What inspired me to create Liberate was really the transformation that I experienced in sittings in Buddhist communities of color… Through kind of sitting in communities for people of color, I was able to be more vulnerable and share more about my own challenges. And I also think the safety that I felt in the room also allowed me to experience the teachings that the teachers were giving in a new way as well. I think it’s one thing to intellectualize a teaching, and it’s another thing to embody it and feel it and kind of let it hit you, for you to see and discover ways in which these teachings can apply to your day-to-day life.

I just also felt empowered. I left these communities feeling so empowered that I could change the relationship to my suffering. And when you’re in a deep dark period and or activated heavily by trauma, sometimes it’s very hard to see that there’s a light. There’s a way of living that’s outside of the way that I am right now. And you also feel that you’re disconnected and alone and you’re the only one going through your suffering. That empowered feeling was what really inspired me to create Liberate.
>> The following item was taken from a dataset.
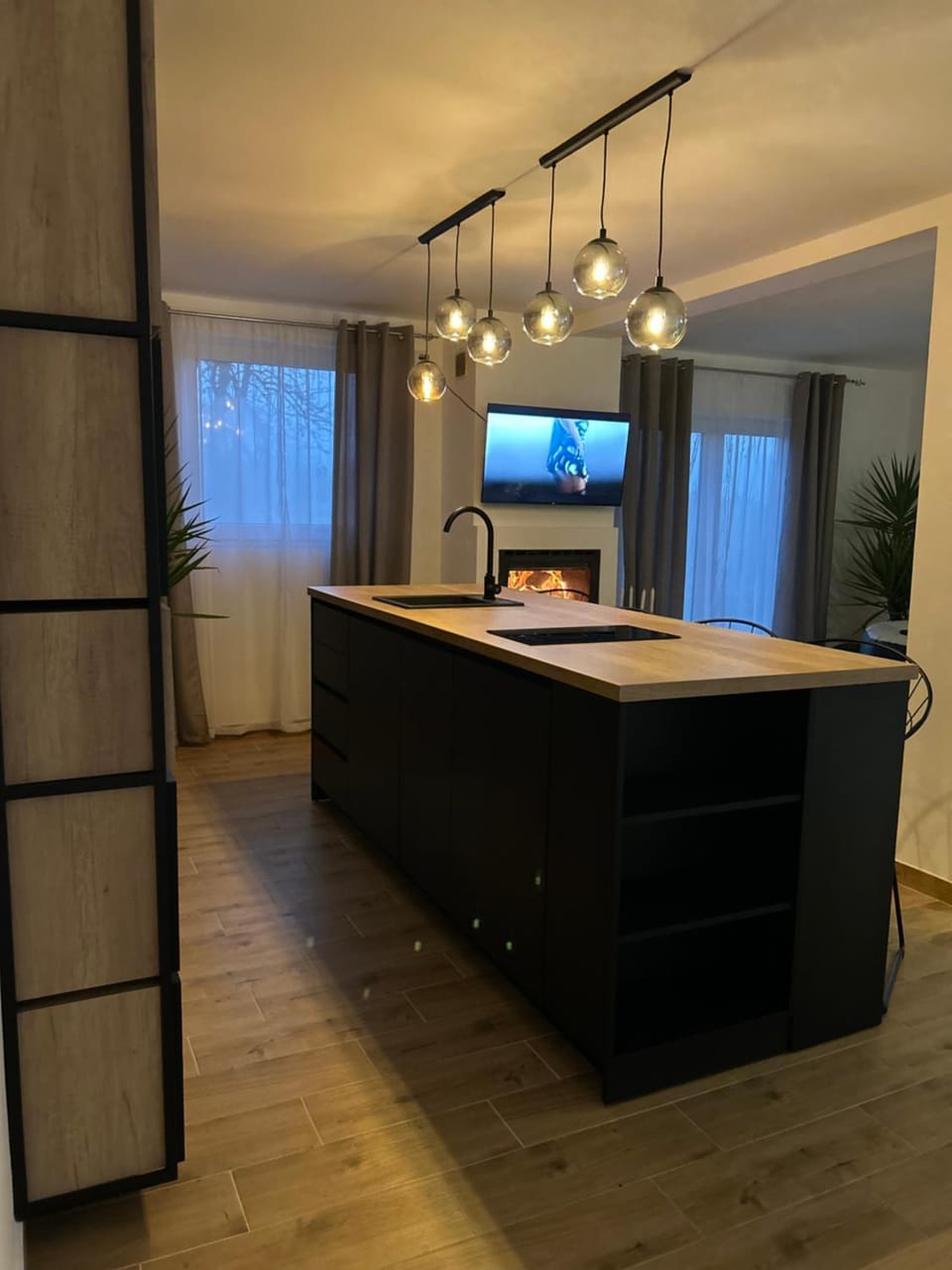 TV and multimedia, Kitchen or kitchenette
Really kind of these transformational experiences that I experienced in these communities allowed me to feel this sense of empowerment. And there was a period in my kind of meditation practice that I could no longer go to these communities. I had struggles with my own meditation practice, so I wanted to build something.

What were you looking for exactly?

Well, at first I looked for resources to support me in my practice, and it was so hard to find anything. And I was shocked. I looked online and I didn’t find any apps or any resources that really resonated with my experience as an Afro-Latino trying to figure out, “Well, why do I have this abusive inner voice inside of my head?” I looked around, and I didn’t find any resources and was shocked by that. I was also shocked when I talked to a lot of other people of color, and they were going through the same challenges. I felt that that was a calling to be of service and that’s why I created this app.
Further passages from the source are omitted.